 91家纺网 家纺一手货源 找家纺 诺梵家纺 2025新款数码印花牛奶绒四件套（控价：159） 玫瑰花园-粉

...

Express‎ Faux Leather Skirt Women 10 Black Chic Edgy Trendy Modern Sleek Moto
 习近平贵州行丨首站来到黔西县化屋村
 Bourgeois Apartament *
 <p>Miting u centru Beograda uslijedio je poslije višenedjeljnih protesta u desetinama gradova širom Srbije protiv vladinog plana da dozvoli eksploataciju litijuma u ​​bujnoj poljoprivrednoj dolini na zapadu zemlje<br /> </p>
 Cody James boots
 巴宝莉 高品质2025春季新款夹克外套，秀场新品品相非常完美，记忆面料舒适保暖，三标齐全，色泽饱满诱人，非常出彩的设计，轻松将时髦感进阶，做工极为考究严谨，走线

---

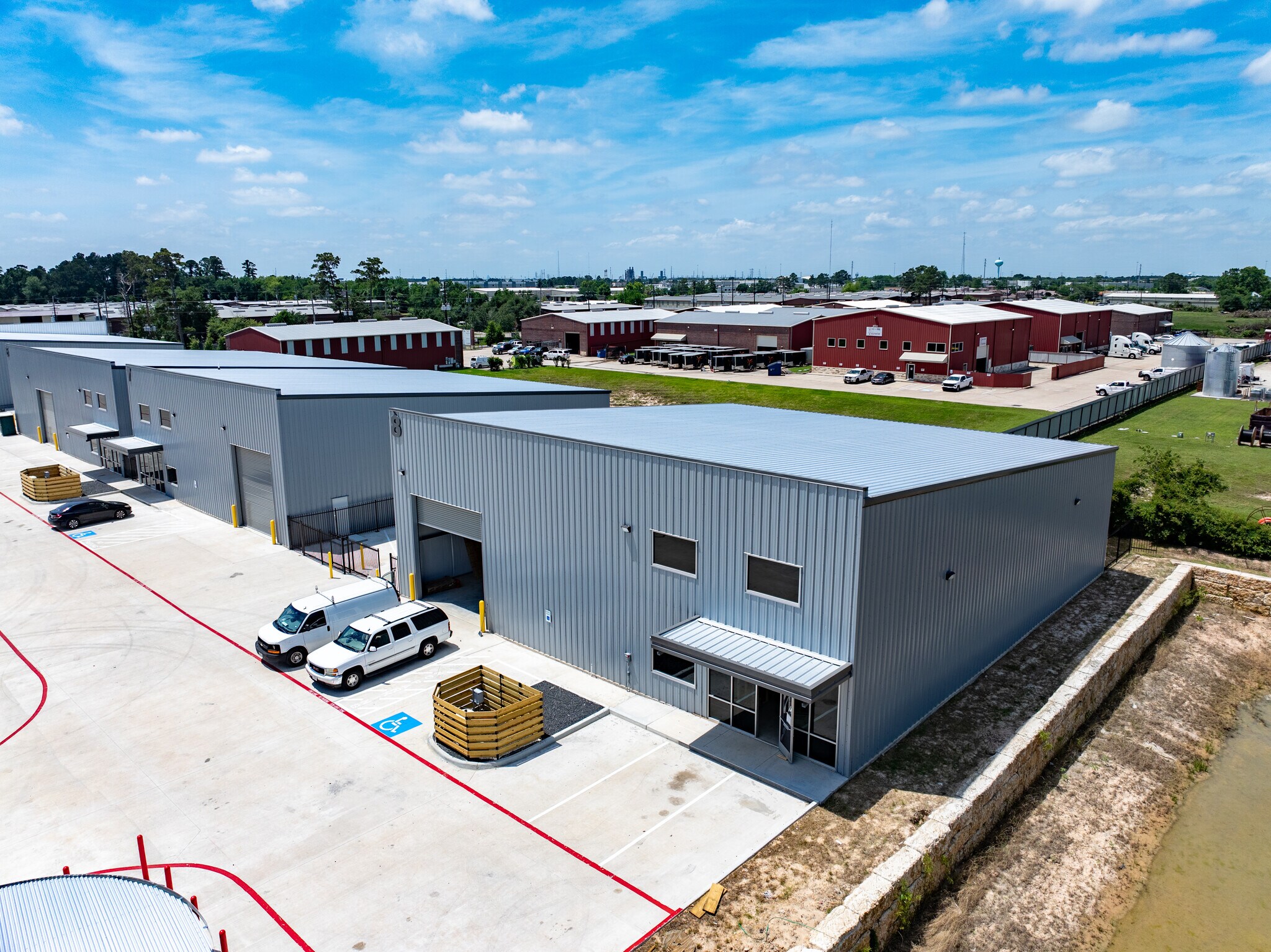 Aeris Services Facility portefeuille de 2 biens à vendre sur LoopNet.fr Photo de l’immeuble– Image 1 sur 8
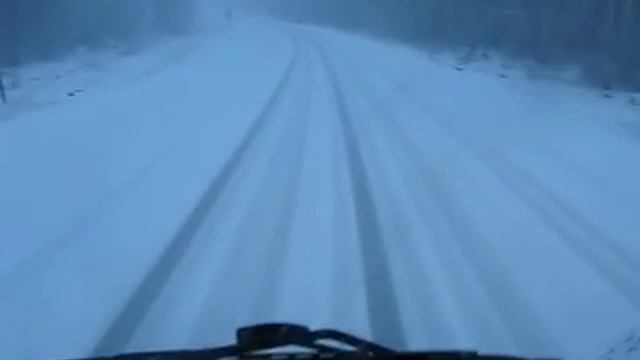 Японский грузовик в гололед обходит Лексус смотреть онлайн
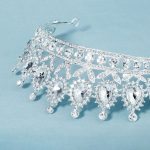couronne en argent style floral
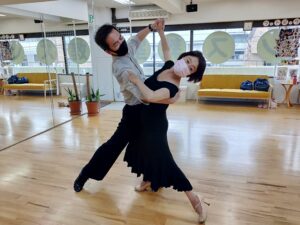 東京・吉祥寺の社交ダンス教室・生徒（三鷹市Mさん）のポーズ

• TRY IT:
Starting at the line with "Bourgeois Apartament *" and ending at the line with "巴宝莉 高品质2025春季新", print each line of the listing above exactly, with no other lines.

• RESPONSE:
 Bourgeois Apartament *
 <p>Miting u centru Beograda uslijedio je poslije višenedjeljnih protesta u desetinama gradova širom Srbije protiv vladinog plana da dozvoli eksploataciju litijuma u ​​bujnoj poljoprivrednoj dolini na zapadu zemlje<br /> </p>
 Cody James boots
 巴宝莉 高品质2025春季新款夹克外套，秀场新品品相非常完美，记忆面料舒适保暖，三标齐全，色泽饱满诱人，非常出彩的设计，轻松将时髦感进阶，做工极为考究严谨，走线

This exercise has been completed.